Kementerian Haji dan Umrah (Kemenhaj) RI melaporkan progres signifikan dalam pemvisaan jemaah haji Indonesia untuk tahun 2026. Hingga Kamis (26/2/2026), sekitar 162.000 dokumen jemaah telah berhasil diproses, dengan target penyelesaian seluruhnya pada awal Maret mendatang. Proses intensif ini melibatkan 85 personel yang bekerja tanpa henti selama 24 jam.
Capaian Pemvisaan Haji 2026 Tembus 162 Ribu Dokumen
Direktur Jenderal Pelayanan Haji Kemenhaj, Ian Heriyawan, mengungkapkan bahwa capaian pemvisaan jemaah haji Indonesia menunjukkan progres yang sangat baik. “Kami bekerja 24 jam penuh dalam memproses dokumen dan pemvisaan. Sejauh ini, lebih kurang 162 ribu jemaah sudah berproses, tersisa sekitar 40 ribuan,” ujar Ian.

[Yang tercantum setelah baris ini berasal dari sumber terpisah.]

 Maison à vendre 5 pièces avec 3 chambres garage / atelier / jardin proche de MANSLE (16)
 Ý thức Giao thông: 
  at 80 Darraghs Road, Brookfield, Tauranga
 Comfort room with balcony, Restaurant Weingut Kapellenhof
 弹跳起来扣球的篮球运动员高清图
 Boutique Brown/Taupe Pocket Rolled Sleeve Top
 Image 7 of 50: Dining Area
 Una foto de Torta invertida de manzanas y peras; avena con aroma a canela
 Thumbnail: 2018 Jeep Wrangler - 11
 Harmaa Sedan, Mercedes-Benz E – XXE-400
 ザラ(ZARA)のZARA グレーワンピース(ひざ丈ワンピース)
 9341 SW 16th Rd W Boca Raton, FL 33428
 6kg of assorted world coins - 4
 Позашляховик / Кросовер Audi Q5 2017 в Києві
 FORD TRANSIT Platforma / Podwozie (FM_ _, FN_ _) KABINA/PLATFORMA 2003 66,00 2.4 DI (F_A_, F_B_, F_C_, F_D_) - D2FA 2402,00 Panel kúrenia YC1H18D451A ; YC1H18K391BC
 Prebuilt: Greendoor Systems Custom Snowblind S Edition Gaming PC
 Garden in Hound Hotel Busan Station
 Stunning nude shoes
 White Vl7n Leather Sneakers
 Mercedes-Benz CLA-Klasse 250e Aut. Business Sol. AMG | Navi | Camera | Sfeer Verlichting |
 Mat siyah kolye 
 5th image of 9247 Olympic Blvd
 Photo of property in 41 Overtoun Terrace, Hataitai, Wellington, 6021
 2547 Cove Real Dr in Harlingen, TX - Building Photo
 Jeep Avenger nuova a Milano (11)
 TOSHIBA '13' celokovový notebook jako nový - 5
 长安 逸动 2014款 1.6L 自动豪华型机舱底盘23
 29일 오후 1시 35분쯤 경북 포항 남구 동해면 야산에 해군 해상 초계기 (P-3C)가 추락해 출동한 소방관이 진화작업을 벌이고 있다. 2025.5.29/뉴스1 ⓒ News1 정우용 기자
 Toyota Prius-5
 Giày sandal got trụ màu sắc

Pernyataan tersebut disampaikan Ian saat meninjau langsung proses pemvisaan di Ruang Serbaguna Kantor Kemenhaj RI di Jakarta, pada Kamis (26/2/2026). Ia menambahkan, dari total yang berproses, sebanyak 57.000 visa sudah berhasil dicetak dan siap untuk diterbitkan.
Kemenhaj menargetkan seluruh proses pemvisaan jemaah haji dapat rampung pada awal Maret 2026. Bahkan, jika koordinasi dengan pihak Arab Saudi berjalan lancar, ada optimisme untuk menuntaskannya di akhir Februari ini, atau paling lambat sepekan sebelum Idul Fitri.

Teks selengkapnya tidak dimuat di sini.